In his sermon, the pope said people don’t need high theology to understand the faith. “Deep down, it is quite simple,” he said -- belief in God the creator, in Christ the savior and in everlasting life, as expressed in the Apostles’ Creed.

He said modern attempts to make God “unnecessary” have always failed because it becomes clear that “something is missing from the equation.”

“When God is subtracted, something doesn’t add up for man, the world, the whole vast universe,” he said, in one of several lines that drew applause from the crowd.

The pope said today’s world faces two approaches to the ultimate questions about life: “What came first? Creative reason, the spirit who makes all things and gives them growth, or unreason, which, lacking any meaning ... somehow brings forth a mathematically ordered cosmos, as well as man and his reason.”

He said that if seen as “nothing more than a chance result of evolution,” the human becomes meaningless. Christians, on the other hand, believe that at the beginning of everything is the eternal word -- reason and not unreason, he said.

The pope completed his mini-explication of the creed by examining the Church’s belief in the last judgment. He said it that if the idea of judgment makes people afraid, it also brings the prospect of “the triumph of justice.”

“Don’t we want the outrageous injustice and suffering which we see in human history to be finally undone, so that in the end everyone will find happiness, and everything will be shown to have meaning?” he said.

Faith is not meant to instill fear but to call people to accountability, he said.

“We are not meant to waste our lives, misuse them or spend them selfishly. In the face of injustice we must not remain indifferent and thus end up as silent collaborators or outright accomplices,” he said.

Not everyone who came to the Mass was an active Catholic or enthusiastic supporter of the pope. Andre Lovas, an engineer and a self-described former Catholic, said his office was closed for the papal event, so he decided to attend the liturgy instead of sitting at home.

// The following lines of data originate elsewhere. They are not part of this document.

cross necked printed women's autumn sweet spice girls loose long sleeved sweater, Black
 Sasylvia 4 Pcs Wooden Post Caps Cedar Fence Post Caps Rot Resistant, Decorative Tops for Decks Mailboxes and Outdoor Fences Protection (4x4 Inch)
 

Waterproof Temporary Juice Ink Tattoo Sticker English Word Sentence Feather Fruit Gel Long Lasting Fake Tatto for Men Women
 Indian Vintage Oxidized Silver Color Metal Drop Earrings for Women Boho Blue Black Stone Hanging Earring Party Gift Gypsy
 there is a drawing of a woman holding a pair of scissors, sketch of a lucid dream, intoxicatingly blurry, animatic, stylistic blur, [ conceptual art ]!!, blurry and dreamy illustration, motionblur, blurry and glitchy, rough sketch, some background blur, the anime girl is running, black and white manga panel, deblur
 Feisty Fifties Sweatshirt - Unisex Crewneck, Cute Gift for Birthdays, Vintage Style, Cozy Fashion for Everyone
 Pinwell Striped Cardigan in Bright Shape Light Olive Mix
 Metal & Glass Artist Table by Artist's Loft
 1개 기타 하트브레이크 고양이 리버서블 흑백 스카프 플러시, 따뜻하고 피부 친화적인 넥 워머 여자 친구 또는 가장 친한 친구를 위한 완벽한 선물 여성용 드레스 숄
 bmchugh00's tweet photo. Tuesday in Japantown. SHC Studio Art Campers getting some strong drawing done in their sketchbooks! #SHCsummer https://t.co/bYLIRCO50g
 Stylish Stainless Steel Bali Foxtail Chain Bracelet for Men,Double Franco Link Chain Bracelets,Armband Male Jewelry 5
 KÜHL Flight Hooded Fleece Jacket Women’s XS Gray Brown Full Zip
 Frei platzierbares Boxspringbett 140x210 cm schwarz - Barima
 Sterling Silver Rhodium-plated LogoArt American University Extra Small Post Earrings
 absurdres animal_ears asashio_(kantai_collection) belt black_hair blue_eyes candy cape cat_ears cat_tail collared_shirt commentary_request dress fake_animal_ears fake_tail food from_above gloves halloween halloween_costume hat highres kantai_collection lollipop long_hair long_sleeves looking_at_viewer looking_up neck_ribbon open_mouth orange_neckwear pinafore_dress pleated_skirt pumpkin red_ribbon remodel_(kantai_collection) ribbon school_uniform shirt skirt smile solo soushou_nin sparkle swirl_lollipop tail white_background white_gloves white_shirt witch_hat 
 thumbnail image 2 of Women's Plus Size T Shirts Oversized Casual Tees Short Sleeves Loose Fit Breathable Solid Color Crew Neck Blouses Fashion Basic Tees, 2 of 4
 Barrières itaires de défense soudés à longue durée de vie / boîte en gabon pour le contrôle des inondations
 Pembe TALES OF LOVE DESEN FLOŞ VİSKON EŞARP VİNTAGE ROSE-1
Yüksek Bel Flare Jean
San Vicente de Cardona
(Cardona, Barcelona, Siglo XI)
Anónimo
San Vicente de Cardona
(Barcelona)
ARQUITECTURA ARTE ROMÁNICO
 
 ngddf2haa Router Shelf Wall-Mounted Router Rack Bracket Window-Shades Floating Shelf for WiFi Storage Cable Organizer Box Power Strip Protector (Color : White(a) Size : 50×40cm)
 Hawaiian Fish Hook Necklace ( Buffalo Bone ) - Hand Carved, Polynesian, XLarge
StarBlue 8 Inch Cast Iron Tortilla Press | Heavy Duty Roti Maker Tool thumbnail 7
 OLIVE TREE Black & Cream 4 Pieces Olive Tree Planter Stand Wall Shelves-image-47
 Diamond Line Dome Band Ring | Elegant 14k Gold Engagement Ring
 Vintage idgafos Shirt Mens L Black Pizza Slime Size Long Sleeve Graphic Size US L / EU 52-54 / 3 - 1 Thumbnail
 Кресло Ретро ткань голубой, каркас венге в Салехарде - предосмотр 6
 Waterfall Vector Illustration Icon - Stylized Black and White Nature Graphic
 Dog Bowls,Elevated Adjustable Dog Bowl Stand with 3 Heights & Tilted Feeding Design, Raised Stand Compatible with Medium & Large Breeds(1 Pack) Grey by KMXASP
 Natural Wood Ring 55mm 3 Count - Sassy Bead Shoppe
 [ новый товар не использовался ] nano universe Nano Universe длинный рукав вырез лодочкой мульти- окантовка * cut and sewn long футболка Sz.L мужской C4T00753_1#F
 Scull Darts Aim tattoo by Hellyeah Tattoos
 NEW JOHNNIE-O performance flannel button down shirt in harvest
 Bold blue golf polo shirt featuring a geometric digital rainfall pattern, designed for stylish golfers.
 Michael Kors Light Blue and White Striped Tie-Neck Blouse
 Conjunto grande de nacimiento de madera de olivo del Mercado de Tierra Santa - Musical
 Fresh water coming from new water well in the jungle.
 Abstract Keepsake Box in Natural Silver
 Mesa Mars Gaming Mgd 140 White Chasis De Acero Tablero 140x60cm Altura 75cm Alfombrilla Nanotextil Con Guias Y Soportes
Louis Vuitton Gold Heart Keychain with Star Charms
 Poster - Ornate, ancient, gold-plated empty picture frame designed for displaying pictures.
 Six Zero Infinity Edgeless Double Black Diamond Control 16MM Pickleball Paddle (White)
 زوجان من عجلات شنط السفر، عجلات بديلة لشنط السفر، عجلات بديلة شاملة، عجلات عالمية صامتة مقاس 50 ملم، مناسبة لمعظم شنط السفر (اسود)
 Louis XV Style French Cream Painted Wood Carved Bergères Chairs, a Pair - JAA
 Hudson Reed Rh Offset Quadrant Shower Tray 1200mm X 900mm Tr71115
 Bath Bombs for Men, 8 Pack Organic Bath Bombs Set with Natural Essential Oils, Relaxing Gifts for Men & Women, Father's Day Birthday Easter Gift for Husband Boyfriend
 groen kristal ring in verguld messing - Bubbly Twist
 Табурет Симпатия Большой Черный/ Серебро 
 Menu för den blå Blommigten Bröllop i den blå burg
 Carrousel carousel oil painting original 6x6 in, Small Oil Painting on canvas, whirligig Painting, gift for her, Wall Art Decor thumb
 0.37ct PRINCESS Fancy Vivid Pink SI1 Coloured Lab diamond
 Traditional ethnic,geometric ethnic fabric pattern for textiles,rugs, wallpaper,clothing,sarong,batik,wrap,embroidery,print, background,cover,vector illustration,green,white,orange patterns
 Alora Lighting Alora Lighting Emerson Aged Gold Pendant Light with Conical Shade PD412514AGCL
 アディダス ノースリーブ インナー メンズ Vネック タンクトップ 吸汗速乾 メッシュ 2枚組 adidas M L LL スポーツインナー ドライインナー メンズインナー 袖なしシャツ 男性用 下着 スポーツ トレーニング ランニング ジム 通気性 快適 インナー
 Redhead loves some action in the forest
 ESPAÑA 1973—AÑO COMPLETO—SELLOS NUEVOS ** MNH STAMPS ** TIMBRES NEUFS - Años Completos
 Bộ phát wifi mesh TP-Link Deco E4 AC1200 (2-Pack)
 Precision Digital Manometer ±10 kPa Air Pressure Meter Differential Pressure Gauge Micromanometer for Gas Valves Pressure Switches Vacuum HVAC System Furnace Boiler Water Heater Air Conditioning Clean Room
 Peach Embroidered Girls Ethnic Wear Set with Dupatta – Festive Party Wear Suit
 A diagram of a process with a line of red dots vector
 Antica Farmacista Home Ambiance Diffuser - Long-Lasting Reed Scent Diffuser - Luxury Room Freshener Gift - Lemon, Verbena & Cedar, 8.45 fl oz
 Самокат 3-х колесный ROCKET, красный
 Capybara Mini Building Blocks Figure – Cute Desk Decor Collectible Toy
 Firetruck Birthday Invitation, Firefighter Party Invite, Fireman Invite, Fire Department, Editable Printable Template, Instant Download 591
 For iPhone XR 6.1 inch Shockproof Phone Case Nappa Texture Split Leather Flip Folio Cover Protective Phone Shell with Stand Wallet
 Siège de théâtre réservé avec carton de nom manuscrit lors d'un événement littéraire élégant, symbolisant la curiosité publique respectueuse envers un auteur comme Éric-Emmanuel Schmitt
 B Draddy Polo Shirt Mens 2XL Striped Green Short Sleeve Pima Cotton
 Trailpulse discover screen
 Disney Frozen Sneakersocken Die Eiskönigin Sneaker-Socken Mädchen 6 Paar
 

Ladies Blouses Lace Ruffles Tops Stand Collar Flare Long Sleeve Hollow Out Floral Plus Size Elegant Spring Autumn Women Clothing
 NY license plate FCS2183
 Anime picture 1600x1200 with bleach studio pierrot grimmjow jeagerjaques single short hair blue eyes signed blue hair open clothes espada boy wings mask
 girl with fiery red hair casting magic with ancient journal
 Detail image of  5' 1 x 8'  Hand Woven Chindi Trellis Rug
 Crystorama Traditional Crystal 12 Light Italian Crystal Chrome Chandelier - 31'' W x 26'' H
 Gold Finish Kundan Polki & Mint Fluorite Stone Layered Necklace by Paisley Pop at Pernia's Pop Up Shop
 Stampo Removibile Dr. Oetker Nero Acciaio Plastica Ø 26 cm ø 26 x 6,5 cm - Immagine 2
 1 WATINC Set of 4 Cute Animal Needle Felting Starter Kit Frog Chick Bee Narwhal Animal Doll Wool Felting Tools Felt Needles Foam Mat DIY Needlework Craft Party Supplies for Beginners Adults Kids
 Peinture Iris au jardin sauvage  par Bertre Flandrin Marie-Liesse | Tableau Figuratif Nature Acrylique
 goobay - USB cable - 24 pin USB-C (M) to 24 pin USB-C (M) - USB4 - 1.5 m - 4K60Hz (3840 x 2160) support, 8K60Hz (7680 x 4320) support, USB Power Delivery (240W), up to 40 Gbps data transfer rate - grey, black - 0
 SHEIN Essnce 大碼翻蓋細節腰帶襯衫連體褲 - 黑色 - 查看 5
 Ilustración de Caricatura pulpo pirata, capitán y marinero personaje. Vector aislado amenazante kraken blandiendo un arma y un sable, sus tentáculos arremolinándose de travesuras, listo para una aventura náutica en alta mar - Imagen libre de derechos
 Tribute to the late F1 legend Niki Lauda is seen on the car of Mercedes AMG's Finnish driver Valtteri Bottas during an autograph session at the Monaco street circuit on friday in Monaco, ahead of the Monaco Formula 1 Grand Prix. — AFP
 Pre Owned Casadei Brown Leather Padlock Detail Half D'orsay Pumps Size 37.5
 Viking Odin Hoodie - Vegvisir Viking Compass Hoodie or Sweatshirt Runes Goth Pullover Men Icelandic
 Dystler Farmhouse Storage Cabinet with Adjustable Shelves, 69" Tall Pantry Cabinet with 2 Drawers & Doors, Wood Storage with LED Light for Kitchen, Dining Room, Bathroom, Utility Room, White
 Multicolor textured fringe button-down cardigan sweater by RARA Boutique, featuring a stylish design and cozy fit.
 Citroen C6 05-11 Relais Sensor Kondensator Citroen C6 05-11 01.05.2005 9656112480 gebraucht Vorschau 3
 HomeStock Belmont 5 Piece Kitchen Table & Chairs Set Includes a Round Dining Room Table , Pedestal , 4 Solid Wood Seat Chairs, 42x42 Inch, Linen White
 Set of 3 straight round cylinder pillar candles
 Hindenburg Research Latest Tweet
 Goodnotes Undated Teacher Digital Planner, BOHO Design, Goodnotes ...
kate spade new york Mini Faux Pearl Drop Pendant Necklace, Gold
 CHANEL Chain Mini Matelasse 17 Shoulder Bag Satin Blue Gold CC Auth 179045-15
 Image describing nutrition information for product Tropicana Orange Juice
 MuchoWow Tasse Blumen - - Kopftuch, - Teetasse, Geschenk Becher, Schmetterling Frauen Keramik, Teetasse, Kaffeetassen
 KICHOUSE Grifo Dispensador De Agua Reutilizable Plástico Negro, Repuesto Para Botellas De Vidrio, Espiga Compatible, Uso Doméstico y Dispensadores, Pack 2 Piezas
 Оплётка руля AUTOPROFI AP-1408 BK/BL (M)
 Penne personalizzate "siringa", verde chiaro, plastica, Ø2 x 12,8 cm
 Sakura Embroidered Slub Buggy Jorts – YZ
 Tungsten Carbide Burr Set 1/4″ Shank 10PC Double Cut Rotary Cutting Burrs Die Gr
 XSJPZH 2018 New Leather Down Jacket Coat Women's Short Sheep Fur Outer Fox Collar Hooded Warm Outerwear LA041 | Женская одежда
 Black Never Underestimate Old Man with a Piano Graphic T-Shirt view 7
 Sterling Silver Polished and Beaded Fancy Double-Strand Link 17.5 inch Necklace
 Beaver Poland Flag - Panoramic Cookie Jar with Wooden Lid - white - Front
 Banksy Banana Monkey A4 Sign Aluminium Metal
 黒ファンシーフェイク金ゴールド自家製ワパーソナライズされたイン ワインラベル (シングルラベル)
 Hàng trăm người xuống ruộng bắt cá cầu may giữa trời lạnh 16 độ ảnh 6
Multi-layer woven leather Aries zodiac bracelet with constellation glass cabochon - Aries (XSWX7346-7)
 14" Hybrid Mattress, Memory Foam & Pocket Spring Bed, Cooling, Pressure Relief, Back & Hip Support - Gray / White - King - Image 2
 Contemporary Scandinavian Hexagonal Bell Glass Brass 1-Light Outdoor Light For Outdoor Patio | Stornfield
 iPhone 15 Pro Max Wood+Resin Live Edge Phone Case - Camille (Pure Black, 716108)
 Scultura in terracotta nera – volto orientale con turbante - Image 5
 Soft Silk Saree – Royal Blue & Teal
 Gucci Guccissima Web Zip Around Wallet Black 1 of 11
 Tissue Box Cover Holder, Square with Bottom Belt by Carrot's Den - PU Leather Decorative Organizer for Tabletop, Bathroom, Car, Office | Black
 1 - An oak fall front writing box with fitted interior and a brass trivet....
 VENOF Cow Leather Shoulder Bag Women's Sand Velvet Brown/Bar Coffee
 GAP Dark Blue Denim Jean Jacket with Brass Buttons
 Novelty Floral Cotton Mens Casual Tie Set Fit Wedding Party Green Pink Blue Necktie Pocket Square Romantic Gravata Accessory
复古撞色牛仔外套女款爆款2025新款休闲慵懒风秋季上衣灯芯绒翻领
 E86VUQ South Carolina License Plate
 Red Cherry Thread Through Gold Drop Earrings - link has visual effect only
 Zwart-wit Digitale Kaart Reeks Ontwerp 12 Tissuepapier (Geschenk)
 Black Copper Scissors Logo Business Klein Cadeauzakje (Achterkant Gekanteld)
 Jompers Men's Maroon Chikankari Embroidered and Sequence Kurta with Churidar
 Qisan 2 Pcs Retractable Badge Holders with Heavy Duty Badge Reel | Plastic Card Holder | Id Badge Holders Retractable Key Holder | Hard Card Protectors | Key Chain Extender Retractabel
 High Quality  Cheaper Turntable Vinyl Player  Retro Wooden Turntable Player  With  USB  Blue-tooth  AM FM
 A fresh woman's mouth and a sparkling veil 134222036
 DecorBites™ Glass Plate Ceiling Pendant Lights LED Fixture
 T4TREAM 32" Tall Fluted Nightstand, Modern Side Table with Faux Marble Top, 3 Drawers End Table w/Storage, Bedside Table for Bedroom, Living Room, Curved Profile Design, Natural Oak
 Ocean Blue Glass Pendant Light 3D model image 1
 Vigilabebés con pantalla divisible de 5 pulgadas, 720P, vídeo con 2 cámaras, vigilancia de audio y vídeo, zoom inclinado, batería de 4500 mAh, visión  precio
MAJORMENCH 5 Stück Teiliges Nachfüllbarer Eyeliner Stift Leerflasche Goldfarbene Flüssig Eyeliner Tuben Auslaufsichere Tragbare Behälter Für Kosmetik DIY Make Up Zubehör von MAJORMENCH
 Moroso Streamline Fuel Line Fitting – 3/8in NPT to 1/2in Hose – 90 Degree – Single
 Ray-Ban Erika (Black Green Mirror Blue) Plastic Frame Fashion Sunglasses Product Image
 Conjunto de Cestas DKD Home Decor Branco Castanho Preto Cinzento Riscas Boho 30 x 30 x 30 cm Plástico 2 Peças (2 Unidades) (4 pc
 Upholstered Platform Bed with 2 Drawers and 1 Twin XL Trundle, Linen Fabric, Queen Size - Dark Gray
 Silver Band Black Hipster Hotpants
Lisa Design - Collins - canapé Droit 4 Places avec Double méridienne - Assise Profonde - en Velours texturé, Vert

Lovas said that although he considers the pope a “nice, smart” man he disagrees with the Church on several key issues: treatment of women in the church, Catholic relations with Protestants and the Church’s policy against condom use.

Pope Benedict XVI waves to pilgrims after a Mass held on Islinger Field near Regensburg, Germany, Sept. 12. An estimated 300,000 people attended the liturgy.


Pope Benedict XVI talks to a Bavarian girl in traditional dress after receiving flowers outside the Munich opera house, Sept. 9.